Description of the task ▸
Transcribe exactly the lines below that begin at the line with "ESP8266 ESP-12F/12E Serial" and stop after the line with "Patiowell 5x4 Plastic Storage Shed, Gray", leaving out every picture.

Supplied data ▸
------------------------------------------------------------------------

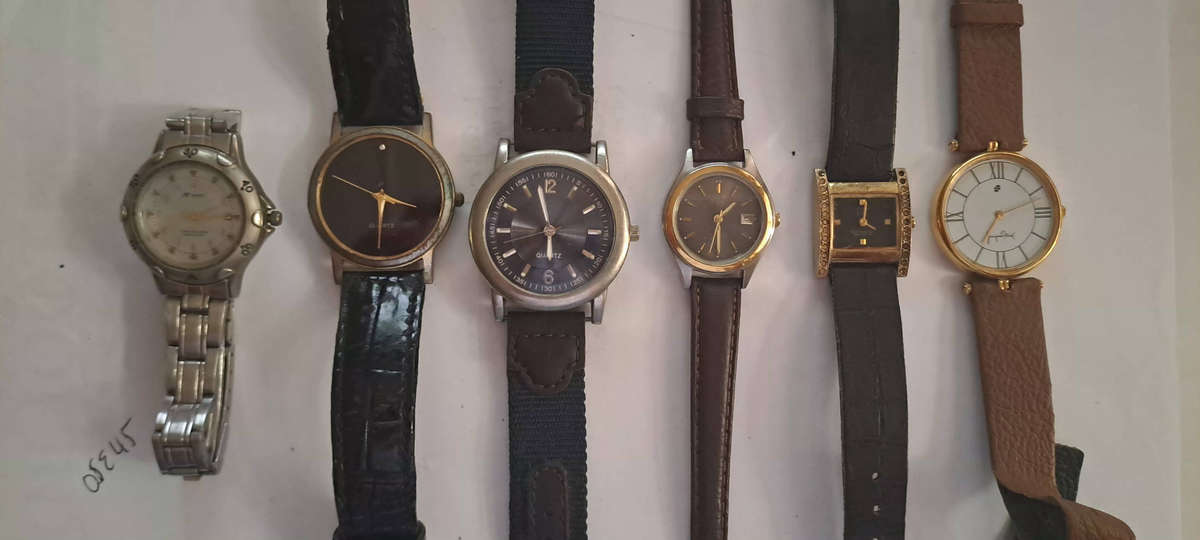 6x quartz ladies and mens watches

------------------------------------------------------------------------

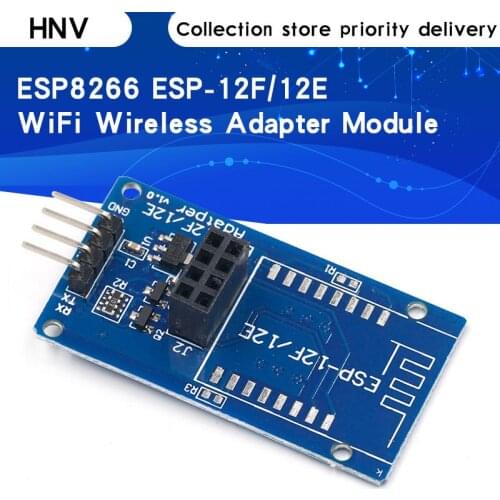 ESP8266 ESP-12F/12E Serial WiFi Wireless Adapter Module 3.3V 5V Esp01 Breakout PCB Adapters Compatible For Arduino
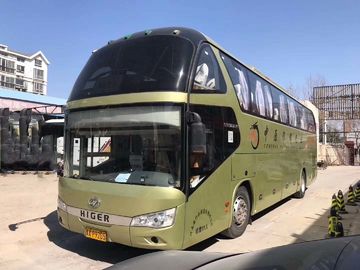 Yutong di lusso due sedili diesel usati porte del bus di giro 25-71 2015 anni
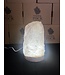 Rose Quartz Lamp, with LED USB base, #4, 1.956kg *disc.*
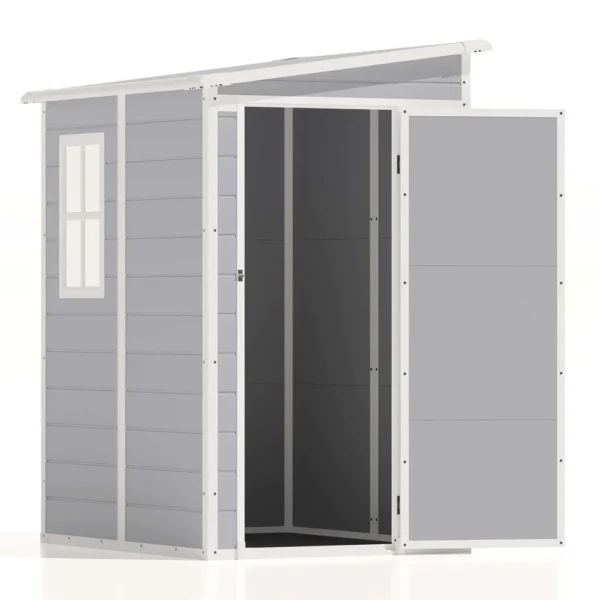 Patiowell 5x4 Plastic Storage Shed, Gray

------------------------------------------------------------------------

Written solution ▸
 ESP8266 ESP-12F/12E Serial WiFi Wireless Adapter Module 3.3V 5V Esp01 Breakout PCB Adapters Compatible For Arduino
 Yutong di lusso due sedili diesel usati porte del bus di giro 25-71 2015 anni
 Rose Quartz Lamp, with LED USB base, #4, 1.956kg *disc.*
 Patiowell 5x4 Plastic Storage Shed, Gray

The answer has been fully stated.